[Start of Attachment]

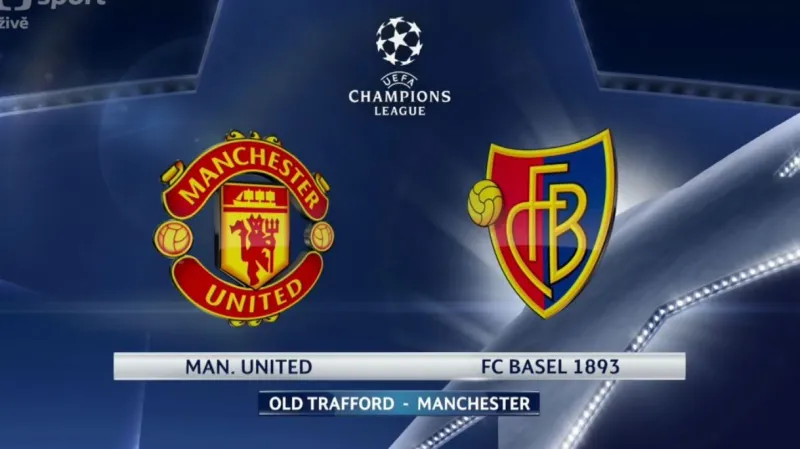 Sestřih utkání Manchester United - Basilej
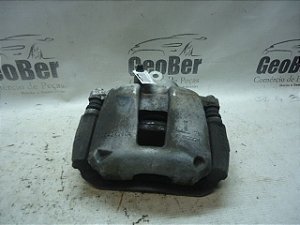 Pinça De Freio Dianteira Direita Peugeot 2008 15 A 17 1.6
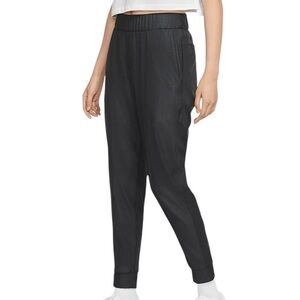Nike Black Dri-Fit Golf Pants UPF 40+ Standard Fit Women’s M New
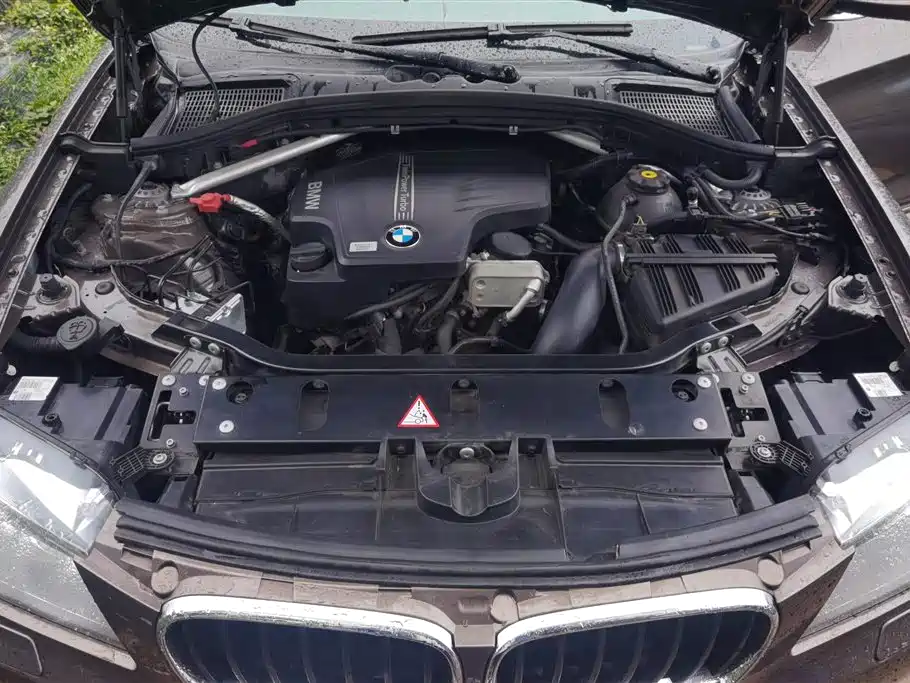 BMW X3 (Import) 2013 xDrive20i Luxury фото 10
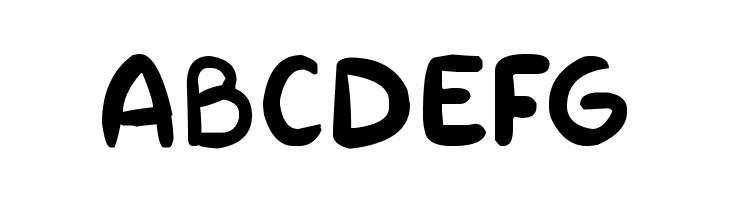 RAB  Free Fonts Download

[End of Attachment]

Your objective: Output the entries verbatim but drop the images.

Response area:
 Sestřih utkání Manchester United - Basilej
 Pinça De Freio Dianteira Direita Peugeot 2008 15 A 17 1.6
Nike Black Dri-Fit Golf Pants UPF 40+ Standard Fit Women’s M New
 BMW X3 (Import) 2013 xDrive20i Luxury фото 10
 RAB  Free Fonts Download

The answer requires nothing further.